50      The plaintiff’s main problem as of June 2013, was almost total lack of strength or feeling in his right arm.  He knew how to adjust his posture to hold his arm in order to avoid that sensation but several times during the day, he felt as if he only had one arm.

51      In the meantime, apart from the sort of flare up that he had when gardening, the plaintiff found his life was affected some time or another in some way every day as a result of his condition.
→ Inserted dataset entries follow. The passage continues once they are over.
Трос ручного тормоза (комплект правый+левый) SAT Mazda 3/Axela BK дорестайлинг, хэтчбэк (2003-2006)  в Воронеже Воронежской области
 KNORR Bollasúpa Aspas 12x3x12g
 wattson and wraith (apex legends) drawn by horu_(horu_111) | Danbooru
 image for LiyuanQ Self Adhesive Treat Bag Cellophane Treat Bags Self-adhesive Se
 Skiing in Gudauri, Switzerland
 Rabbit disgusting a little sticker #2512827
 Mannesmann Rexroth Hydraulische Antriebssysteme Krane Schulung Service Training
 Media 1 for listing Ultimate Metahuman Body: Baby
52      The plaintiff confirmed his complaint of neck and shoulder pain when delivering a mattress in August 2013, after which he attended the doctor and advised him he had used his last Tramal.[32]

[32]T39

53      The plaintiff deposed that he continues under the care of Dr Wong. The plaintiff now takes two to three Tramadol on most weeks and uses an inhaler for asthma.[33]

[33]Originally deposed he took Tramal two to three times per week

54      The plaintiff’s right arm and shoulder are painful all the time and he has lost strength in his arm.  He cannot work above shoulder height or away from his body with his arm.  If he does too much, his arm plays up and the pain increases.  He also gets headaches daily and cramps in his arm at least three to four times a day.

55      In August 2014, the plaintiff resigned his subcontracting work with Kings.  He then obtained work with Elite Windows as a driver and labourer.  He works in the factory and also does deliveries.  He needs help to do his work but he knows the boss, who understands his situation. 

56      The plaintiff is paid $25 an hour and works about 30 hours a week.  He does not believe he could work more hours because his shoulder would become too painful.  He has not been able to work for a full week.  He does not believe he worked more hours with Kings, although occasionally he might have worked five days.

57      In his current job, the plaintiff drives a 4.5‑tonne gross vehicle about four hours a day.  Any items weighing in excess of 25 kilograms are loaded by other workers in the factory, and he has been told not to touch such items.  The plaintiff straps and packs the items and lifts them onto the truck with a forklift.[34] 

[34]T9

58      The plaintiff enjoyed his first job with the employer.  His current job is a lot different.[35]  In the current job, there is a lot more work and thinking involved, which worries the plaintiff.  Every now and again he has to do work above shoulder height.

[35]T8

59      The plaintiff has a day off a week to rest, by agreement with the boss who is his friend.  The plaintiff last worked five days maybe three months ago.[36]  His boss cannot pay a full-time wage and have the plaintiff take a day off every week.  Depending how the plaintiff felt, if his boss could afford it, he would be working five days a week.[37]

[36]T56

[37]T57

60      The plaintiff is a little bit frustrated in his current job.  He gets roughly the same amount of money as at Kings.  He has difficulty with lifting doors and windows onto the back of a truck.  Having to get assistance from fellow workers makes the plaintiff feel incompetent.[38]

[38]T61

61      The pain levels in the plaintiff’s shoulder and arm have increased with his present job because the work is heavier and more demanding than his previous job; however, he needs to work and he just keeps pushing himself even though work is causing a lot of problems.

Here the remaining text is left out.